I meant a jump in comparing the finite vs infinite sets that start at 1 and increase by 1. 

13 hours ago, Genady said:

Because it never goes from R to N.

This may be the best way that I can state my confusion.

What I am trying to show is that the finite sets of natural numbers, that start at 1 and increase by 1, seem quite logical when comparing both sides (the number of elements versus the input n). 

For example 5 elements in the set implies an input of n = 5.  Infinite elements implies an input of n = ???

How do we make this asymmetrical jump to an infinite number of elements with finite inputs??? 

11 hours ago, pzkpfw said:

That starts with "n∈N". So n is a member of the set of Natural numbers. That set is infinite. Any given selected value for n will be finite, and can be plugged into the "1≤x≤n" to make a finite list of 1 to n; but that n can be selected from any of the Naturals ... and there are infinite of them.

I am not sure what you are saying that I don't agree with.

My issue is really quite simple.  

Take a set of natural numbers that start at 1 and increase by 1.  When this kind of set is finite, we know there must be a finite n that also equals the number of elements that it has.  When this kind of set has an infinite number of elements, we know there must be an infinite n that also equals the number of elements that it has.

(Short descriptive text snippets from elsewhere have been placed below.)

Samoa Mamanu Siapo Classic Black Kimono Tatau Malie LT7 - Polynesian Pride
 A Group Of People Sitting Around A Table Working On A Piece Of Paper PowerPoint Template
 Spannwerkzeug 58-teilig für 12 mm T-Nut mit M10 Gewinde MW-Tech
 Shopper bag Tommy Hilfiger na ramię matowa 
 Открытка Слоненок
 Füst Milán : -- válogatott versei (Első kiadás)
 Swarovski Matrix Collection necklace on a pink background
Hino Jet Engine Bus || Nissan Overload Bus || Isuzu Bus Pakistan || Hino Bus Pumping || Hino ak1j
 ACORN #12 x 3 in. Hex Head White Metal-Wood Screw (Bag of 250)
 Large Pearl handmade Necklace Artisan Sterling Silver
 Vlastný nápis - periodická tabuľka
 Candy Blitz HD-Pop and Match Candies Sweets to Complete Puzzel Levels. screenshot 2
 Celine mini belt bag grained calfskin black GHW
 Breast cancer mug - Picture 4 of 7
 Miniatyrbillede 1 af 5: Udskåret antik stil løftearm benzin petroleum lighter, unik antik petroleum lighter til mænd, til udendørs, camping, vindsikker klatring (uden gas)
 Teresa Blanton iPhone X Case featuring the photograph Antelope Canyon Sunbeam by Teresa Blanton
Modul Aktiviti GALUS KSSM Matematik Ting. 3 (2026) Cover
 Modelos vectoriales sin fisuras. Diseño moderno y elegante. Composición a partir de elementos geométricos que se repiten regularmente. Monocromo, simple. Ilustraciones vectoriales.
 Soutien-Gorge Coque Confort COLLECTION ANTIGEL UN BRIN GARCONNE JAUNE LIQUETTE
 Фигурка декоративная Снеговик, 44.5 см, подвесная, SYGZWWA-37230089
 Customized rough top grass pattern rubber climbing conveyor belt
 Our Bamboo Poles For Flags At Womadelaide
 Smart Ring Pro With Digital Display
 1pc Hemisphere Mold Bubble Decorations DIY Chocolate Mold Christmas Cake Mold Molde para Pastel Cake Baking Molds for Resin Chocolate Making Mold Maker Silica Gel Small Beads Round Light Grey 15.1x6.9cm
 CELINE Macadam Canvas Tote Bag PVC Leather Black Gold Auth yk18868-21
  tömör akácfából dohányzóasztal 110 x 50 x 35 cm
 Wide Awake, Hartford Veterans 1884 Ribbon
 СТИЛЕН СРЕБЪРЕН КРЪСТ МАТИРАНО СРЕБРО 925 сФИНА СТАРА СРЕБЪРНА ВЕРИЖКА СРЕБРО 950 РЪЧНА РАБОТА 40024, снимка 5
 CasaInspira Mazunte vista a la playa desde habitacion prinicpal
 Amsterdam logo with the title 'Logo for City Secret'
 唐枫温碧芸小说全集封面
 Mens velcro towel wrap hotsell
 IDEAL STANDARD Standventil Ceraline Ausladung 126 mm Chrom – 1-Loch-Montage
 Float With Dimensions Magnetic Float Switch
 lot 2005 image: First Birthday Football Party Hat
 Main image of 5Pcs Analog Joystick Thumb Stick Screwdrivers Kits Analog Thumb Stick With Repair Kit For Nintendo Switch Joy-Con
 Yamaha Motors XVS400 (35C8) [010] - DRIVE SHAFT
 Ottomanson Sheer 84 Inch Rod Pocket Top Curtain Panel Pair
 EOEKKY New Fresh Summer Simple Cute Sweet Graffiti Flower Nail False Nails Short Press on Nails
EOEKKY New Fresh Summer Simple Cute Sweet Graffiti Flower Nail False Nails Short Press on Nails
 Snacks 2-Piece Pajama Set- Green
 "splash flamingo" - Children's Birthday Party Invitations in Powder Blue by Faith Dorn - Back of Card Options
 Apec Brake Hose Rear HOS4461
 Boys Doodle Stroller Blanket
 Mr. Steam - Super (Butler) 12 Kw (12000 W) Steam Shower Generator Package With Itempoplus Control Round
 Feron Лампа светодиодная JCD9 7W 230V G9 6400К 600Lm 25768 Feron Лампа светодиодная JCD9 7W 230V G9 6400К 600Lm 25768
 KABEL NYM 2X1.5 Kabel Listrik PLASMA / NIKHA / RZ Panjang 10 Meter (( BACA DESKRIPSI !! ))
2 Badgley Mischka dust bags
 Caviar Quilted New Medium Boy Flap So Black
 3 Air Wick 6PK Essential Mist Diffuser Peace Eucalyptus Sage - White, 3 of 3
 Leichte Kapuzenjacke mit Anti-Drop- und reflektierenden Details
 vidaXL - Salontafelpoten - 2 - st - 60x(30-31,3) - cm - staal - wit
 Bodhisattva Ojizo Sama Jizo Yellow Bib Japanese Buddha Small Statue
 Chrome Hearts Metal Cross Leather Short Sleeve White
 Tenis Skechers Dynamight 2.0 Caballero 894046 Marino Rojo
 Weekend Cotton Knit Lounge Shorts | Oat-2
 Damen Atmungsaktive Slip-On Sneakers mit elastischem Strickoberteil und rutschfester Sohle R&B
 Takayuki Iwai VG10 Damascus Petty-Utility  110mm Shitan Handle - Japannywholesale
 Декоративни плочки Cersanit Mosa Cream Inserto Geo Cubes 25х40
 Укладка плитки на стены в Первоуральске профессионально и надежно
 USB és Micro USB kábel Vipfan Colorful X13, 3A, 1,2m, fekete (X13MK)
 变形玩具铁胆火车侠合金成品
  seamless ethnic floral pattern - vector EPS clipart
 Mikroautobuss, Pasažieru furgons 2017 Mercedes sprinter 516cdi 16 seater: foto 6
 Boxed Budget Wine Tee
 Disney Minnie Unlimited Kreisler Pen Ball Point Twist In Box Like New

That is where my logic is leading me (for better or worse).  It leads me to believe that there must be an infinitely large n in the set of all natural numbers. 

It is perfectly symmetrical and perfectly proportional.  Why should it even be wrong?

14 minutes ago, Genady said:

This does not exist. It never happens. There is no such symmetry breaking.

There are only finite numbers of elements in R on the left side. As has been said above, R(n) is always finite.

There are only R's on the left, never N.

I just wanted to show how the symmetry breaks when going from R (finite) to N (infinite)

Why can't I do this?

27 minutes ago, wtf said:

To the best of my understanding of this thread, the heart of your issue seems to be that you don't quite get the following idea:

Each of the individual natural numbers 0, 1, 2, 3, 4, 5, ... is itself a finite quantity.

And there are infinitely many of them. 

In other words there are infinitely many finite things. And for some reason you have trouble going back and forth between those two levels. The finitude of each of the natural numbers, and the endlessness, or infinitude, of the procession of all of them via the process of endlessly adding 1.

There are infinitely many natural numbers, and each of them are finite.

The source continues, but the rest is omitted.